Data items:
-- Opening Marker --

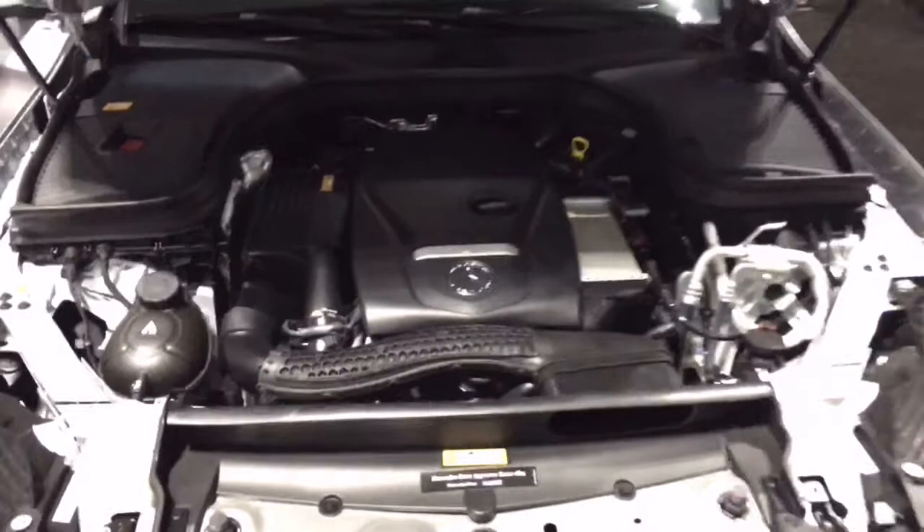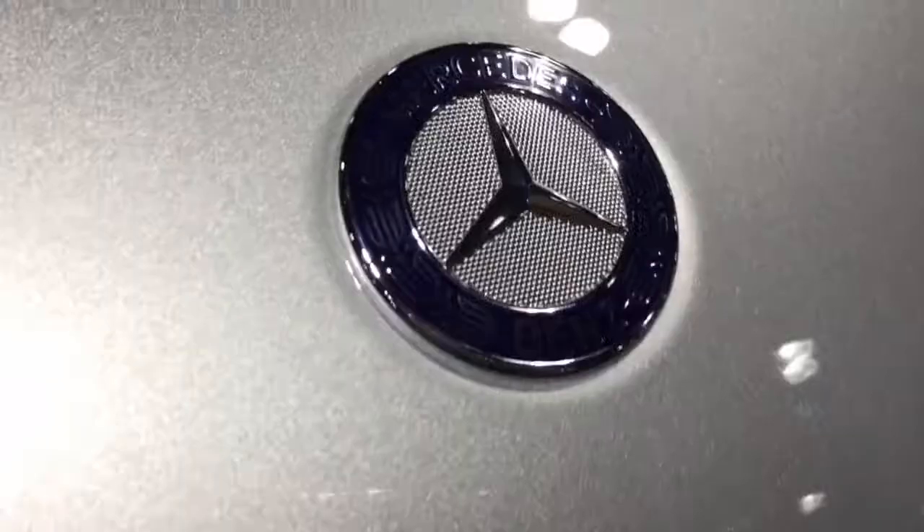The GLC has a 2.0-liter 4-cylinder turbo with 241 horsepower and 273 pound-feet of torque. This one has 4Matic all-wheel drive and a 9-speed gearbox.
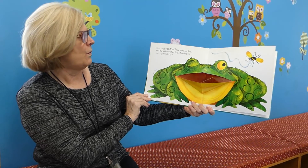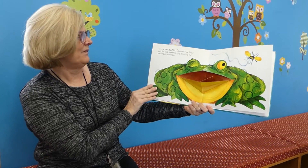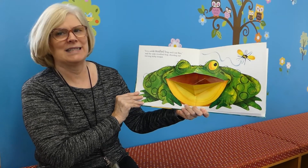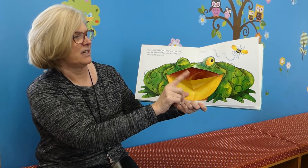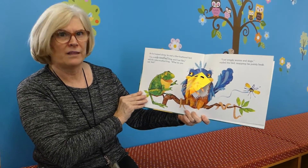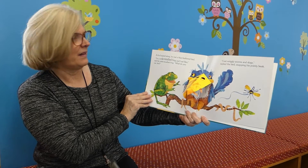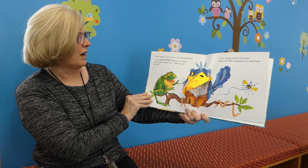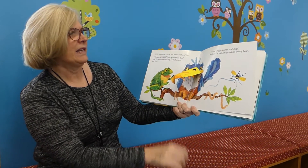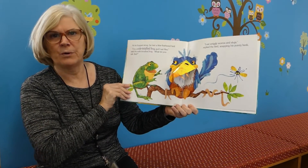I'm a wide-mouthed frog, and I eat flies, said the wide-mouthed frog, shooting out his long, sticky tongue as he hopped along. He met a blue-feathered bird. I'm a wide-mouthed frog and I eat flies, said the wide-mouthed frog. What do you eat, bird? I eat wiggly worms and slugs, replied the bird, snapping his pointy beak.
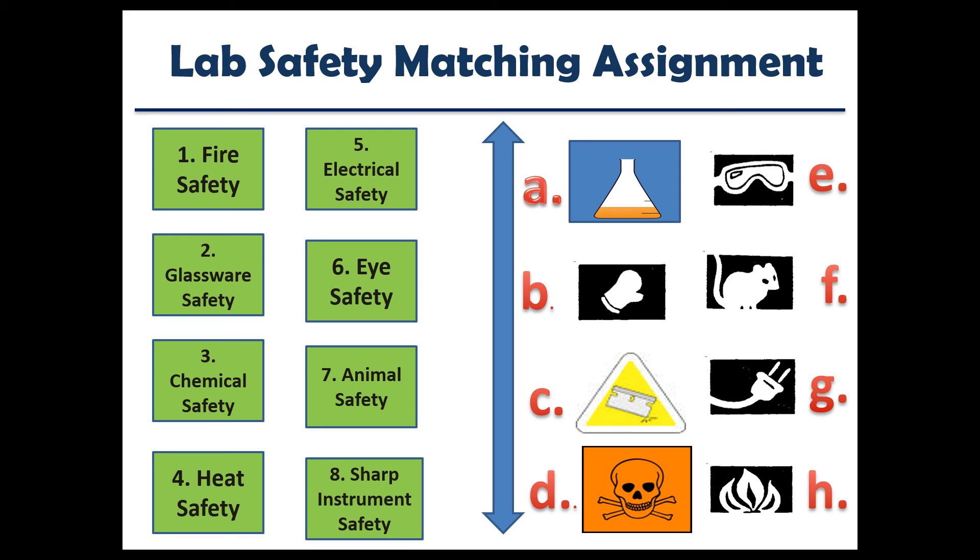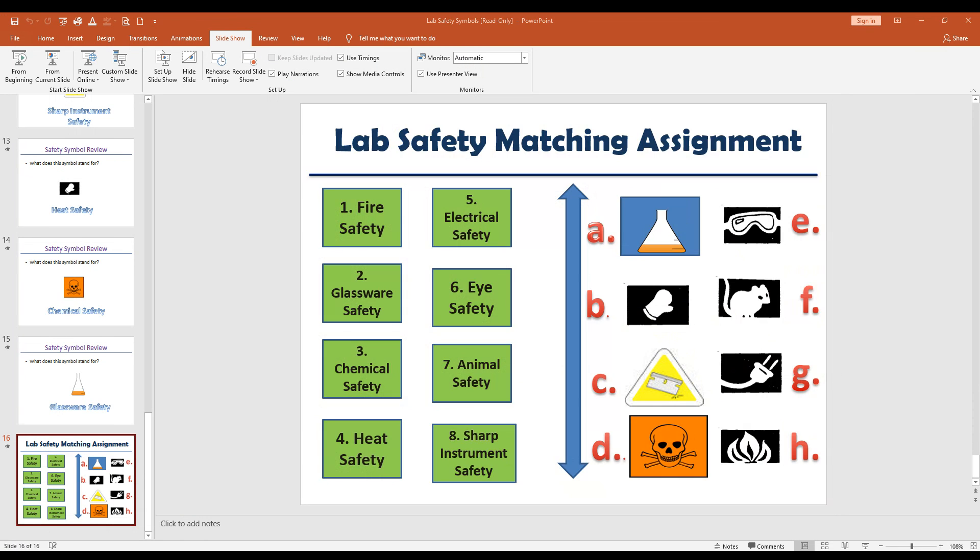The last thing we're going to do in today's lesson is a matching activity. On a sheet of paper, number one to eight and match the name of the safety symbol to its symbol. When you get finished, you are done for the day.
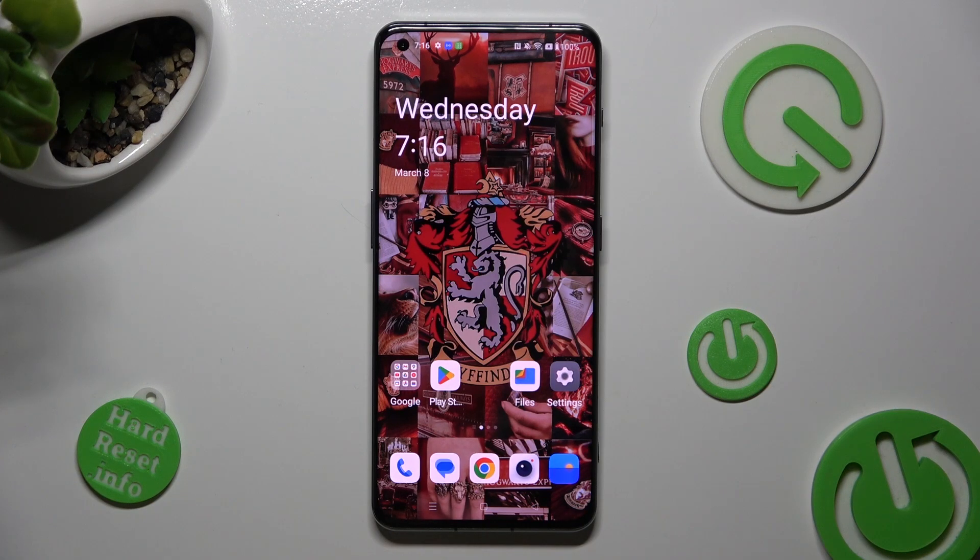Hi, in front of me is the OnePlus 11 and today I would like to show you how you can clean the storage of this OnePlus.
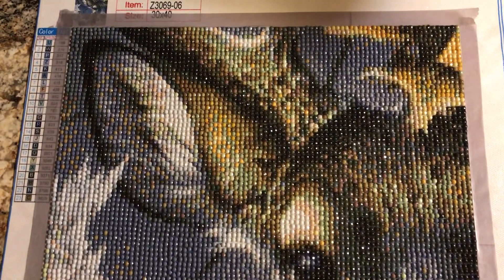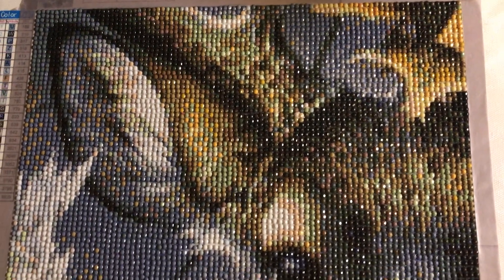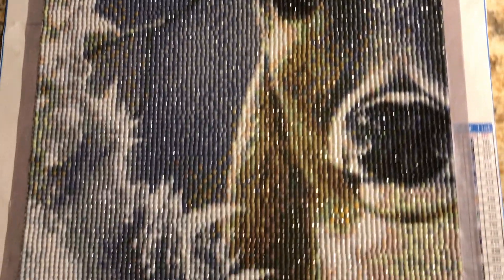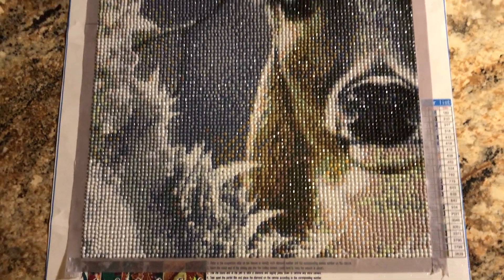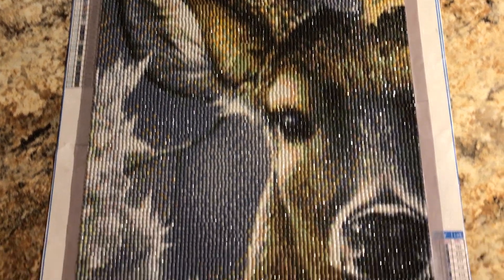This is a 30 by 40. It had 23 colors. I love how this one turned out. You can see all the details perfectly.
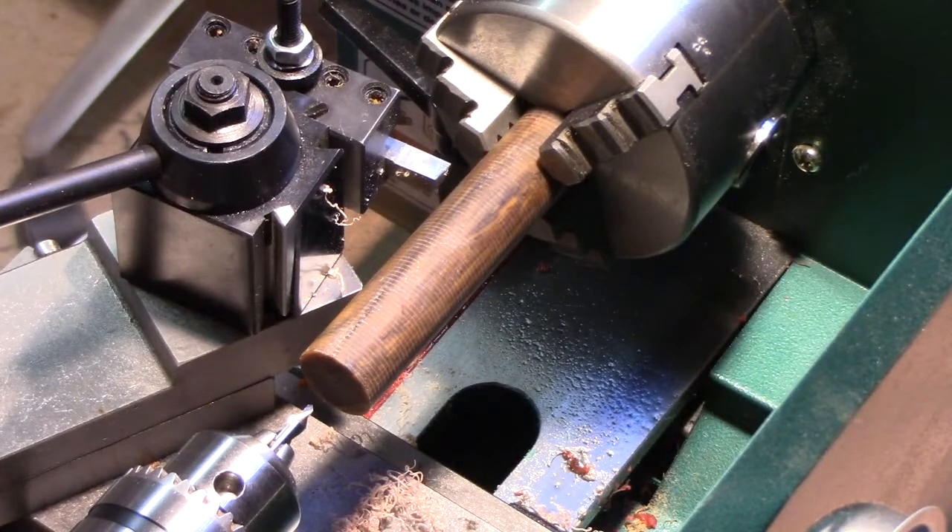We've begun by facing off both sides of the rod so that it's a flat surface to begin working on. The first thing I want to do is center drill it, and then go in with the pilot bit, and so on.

-- Closing Marker --

Pictures stay out. Print the data exactly, from its first line through the line containing "This is a 30".

The GLC has a 2.0-liter 4-cylinder turbo with 241 horsepower and 273 pound-feet of torque. This one has 4Matic all-wheel drive and a 9-speed gearbox.
I'm a wide-mouthed frog, and I eat flies, said the wide-mouthed frog, shooting out his long, sticky tongue as he hopped along. He met a blue-feathered bird. I'm a wide-mouthed frog and I eat flies, said the wide-mouthed frog. What do you eat, bird? I eat wiggly worms and slugs, replied the bird, snapping his pointy beak.
The last thing we're going to do in today's lesson is a matching activity. On a sheet of paper, number one to eight and match the name of the safety symbol to its symbol. When you get finished, you are done for the day.
Hi, in front of me is the OnePlus 11 and today I would like to show you how you can clean the storage of this OnePlus.
This is a 30 by 40. It had 23 colors. I love how this one turned out. You can see all the details perfectly.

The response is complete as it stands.